Vincent van Gogh (1853-1890) for whom color was the chief symbol of expression, was born in Groot-Zundert, Holland. The son of a pastor, brought up in a religious and cultured atmosphere, Vincent was highly emotional and lacked self-confidence. In 1886 he went to Paris to join his brother Théo, the manager of Goupil's gallery. In Paris, van Gogh studied with Cormon, inevitably met Pissarro, Monet, and Gauguin, and began to lighten his very dark palette and to paint in the short brushstrokes of the Impressionists.

After a while he decided to go south to Arles where he hoped his friends would join him and help found a school of art. Gauguin did join him but with disastrous results. In a fit of epilepsy, van Gogh pursued his friend with an open razor, was stopped by Gauguin, but ended up cutting a portion of his ear lobe off.

In May of 1890, he seemed much better and went to live in Auvers-sur-Oise under the watchful eye of Dr. Gachet. Two months later he was dead, having shot himself "for the good of all." During his brief career he had sold one painting.

This picture used to belong to the Florence Gould' collection which Florence bought in 1965 for $700,000 from Robert Oppenheimer, one of the father of the atomic bomb. Twenty yeras later, the Gould's collection was for sale on auction and the van Gogh went for $ 9.9 million to an unknown buyer. People then assumed it was Mr. Alfred Taubman, president of Sotheby's Parke Bernet himself or a certain Mrs Amalita Fortabat, heiress to the South American cement empire.

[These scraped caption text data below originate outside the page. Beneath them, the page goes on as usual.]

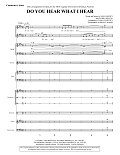 Do You Hear What I Hear (arr. Craig Courtney) - Full Score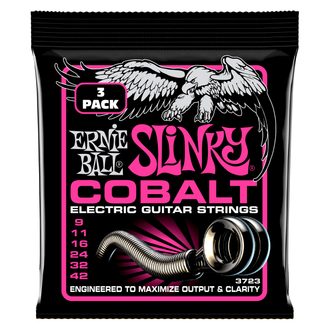 3723 Ernie Ball Super Slinky Cobalt 3 Pack /.009-.042 / - struny na elektrickou kytaru - 3ks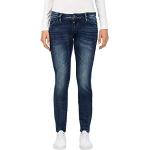 Blaue Timezone Skinny Jeans mit Reißverschluss aus Denim für Damen Weite 26 
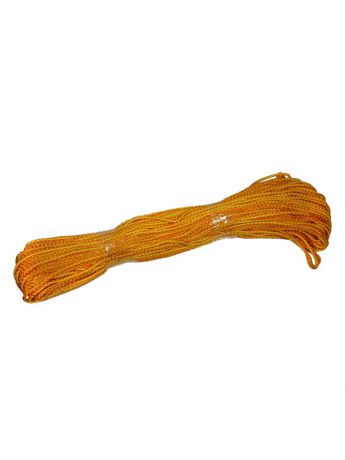 Веревки бельевые Оранжевый Слоник Шнур вязано-плетеный с сердечником ПП 3мм универсальный 50м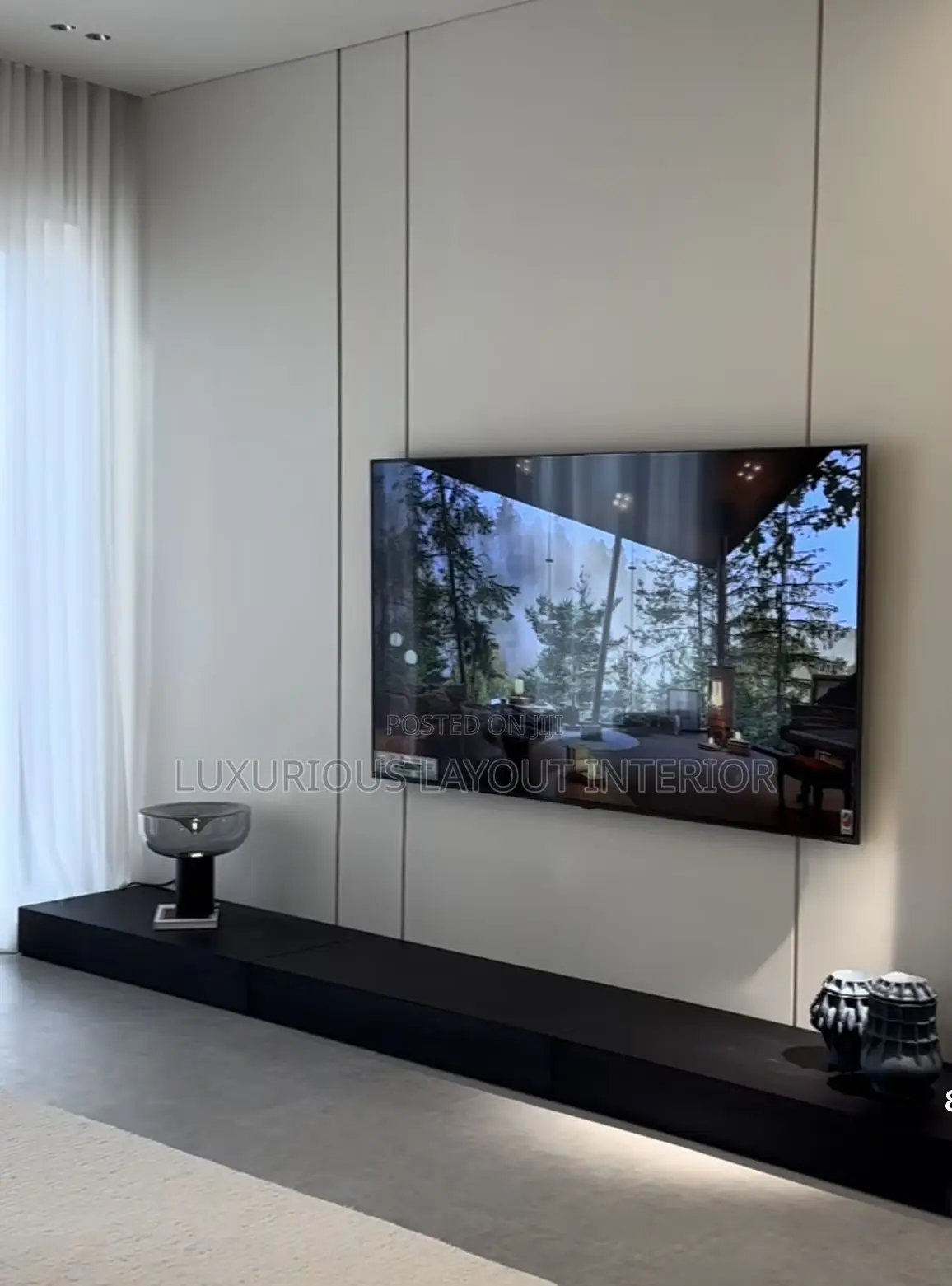 Modern Tv Console Interior Design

Wednesday, September 12, 2007

VAN GOGH : LE JARDIN DU POETE


Vincent van Gogh (1853-1890) painted this "Jardin du Poète "(the Garden of the Poet) while he was in Arles, South of France, in the late 80s where he painted more than 200 canvases in 15 months. He became enthusiastic for the idea of founding an artists' co-operative at Arles and towards the end of the year he was joined by Gauguin. But as a result of a quarrel between them van Gogh suffered the crisis in which occured the famous incident when he cut off his left ear (or part of it).

The Jardin, part of the fabulous Ford's collection that went on sale in New York on May 13th 1980, fetched in presence of an audience of 1,300 people the fantastic sum of $5.2 million.

Poor Vincent had sold only one painting during his lifetime (
Red Vineyard at Arles; Pushkin Museum, Moscow, made in Arles, November 1888, Oil on Canvas, 75 x 93 cm), and was little known to the art world at the time of his death, but his fame grew rapidly thereafter. Van Gogh shot himself on 29 July 1890, just 20 months after painting The Red Vineyard and only five months after it was sold. His brother Theo died the following year and Gauguin left France for Tahiti. For the vignerons of The Red Vineyard, unaware of the artistic turmoil in their midst, life probably went on much as normal.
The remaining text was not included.